Data entries
============
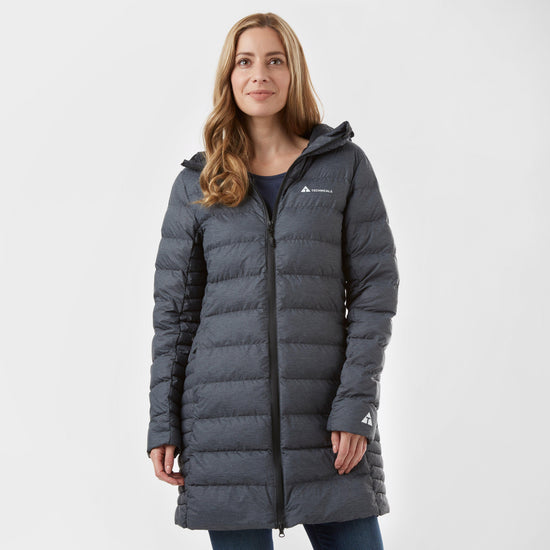 Women’s Long Chill Jacket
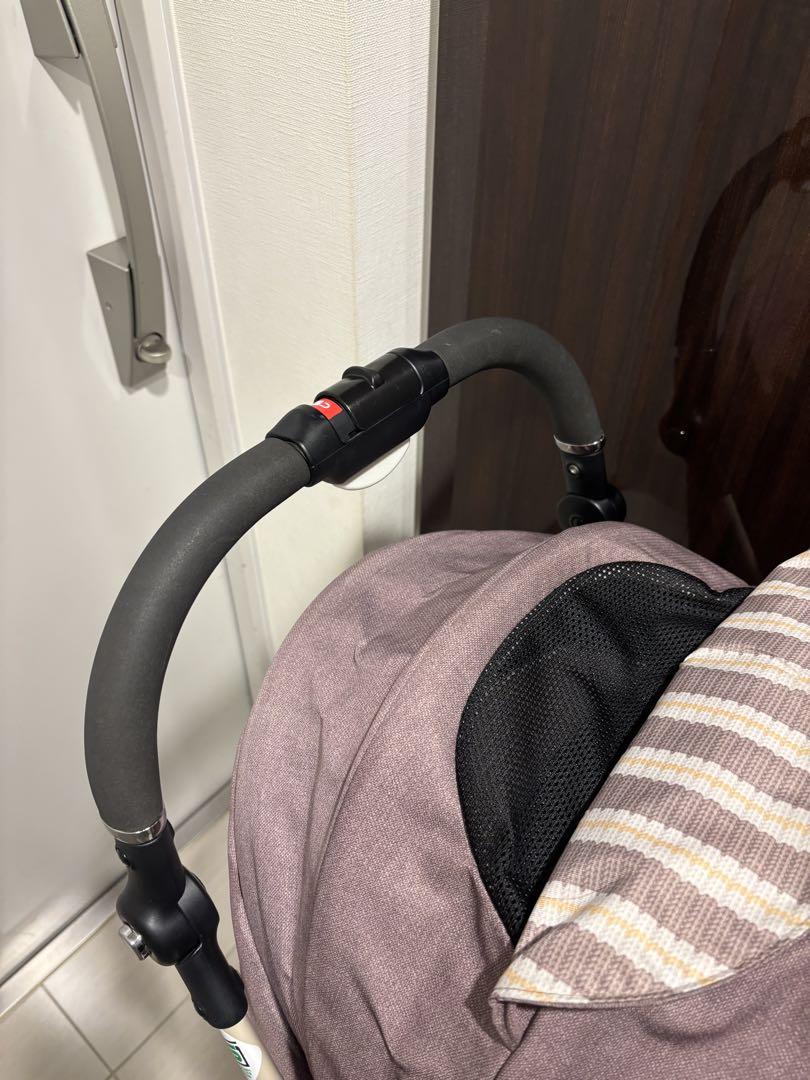 Aprica ベビーカー ラクーナビッテ
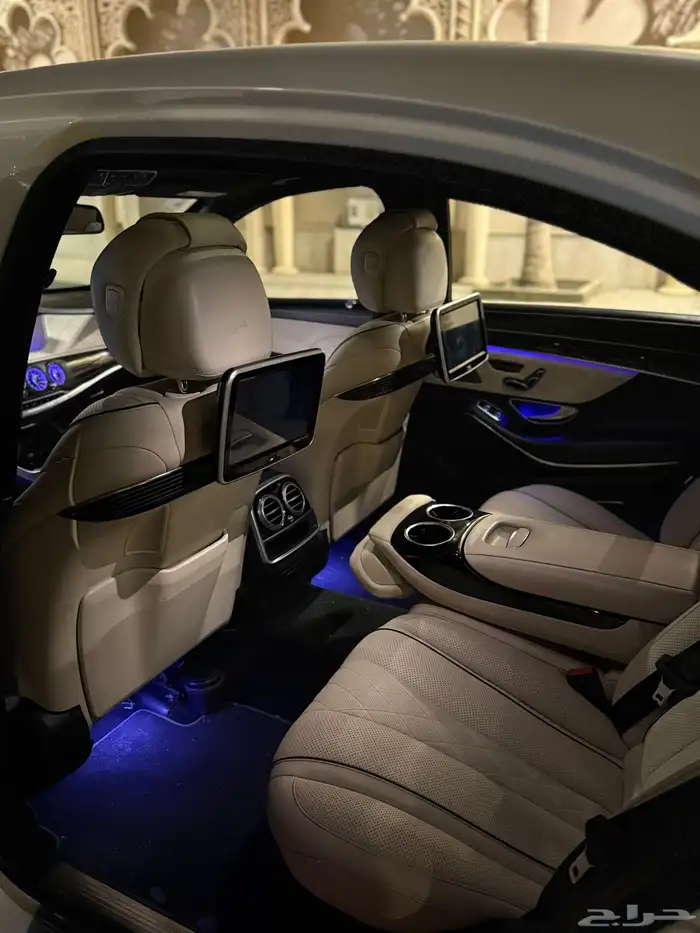 مرسيدس مايباخ محول 2020 50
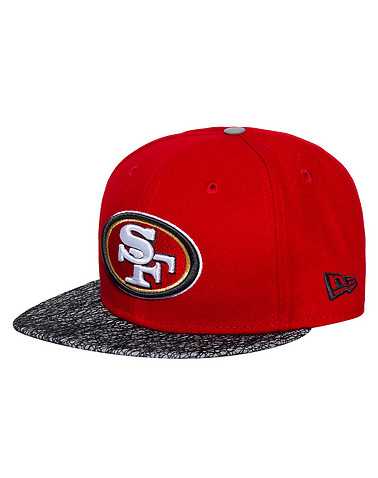 NEW ERA MENS Red Accessories / Caps Snapback M/L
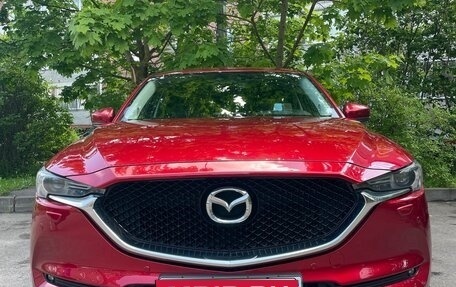 Mazda CX-5 II, 2017 год, 2 830 000 рублей, 1 фотография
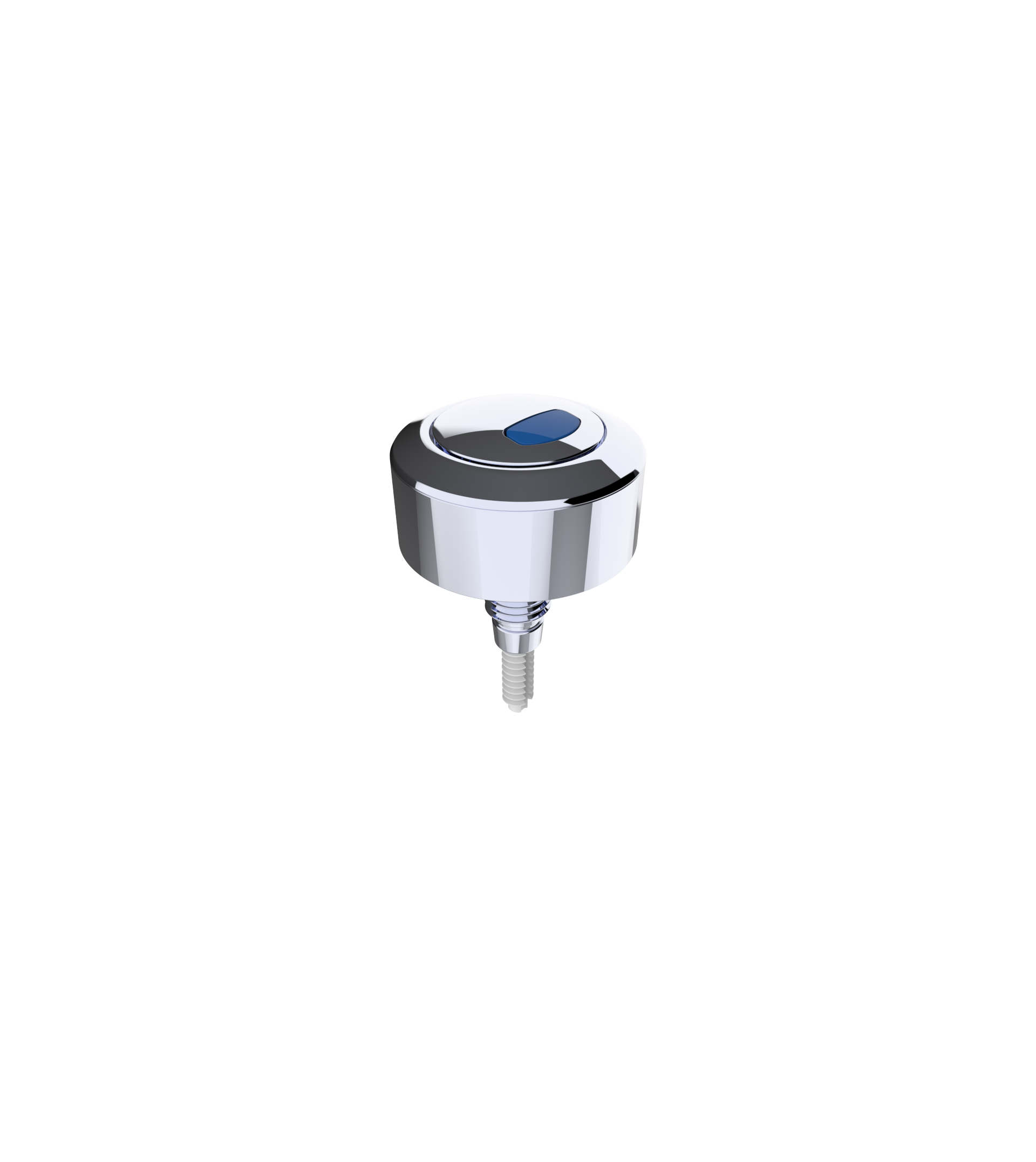 Descargador EQUATION doble pulsador 3/6L - 5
============
Return, exactly as they stand, all of the lines above, but not the pictures.

 Women’s Long Chill Jacket
 Aprica ベビーカー ラクーナビッテ
 مرسيدس مايباخ محول 2020 50
 NEW ERA MENS Red Accessories / Caps Snapback M/L
 Mazda CX-5 II, 2017 год, 2 830 000 рублей, 1 фотография
 Descargador EQUATION doble pulsador 3/6L - 5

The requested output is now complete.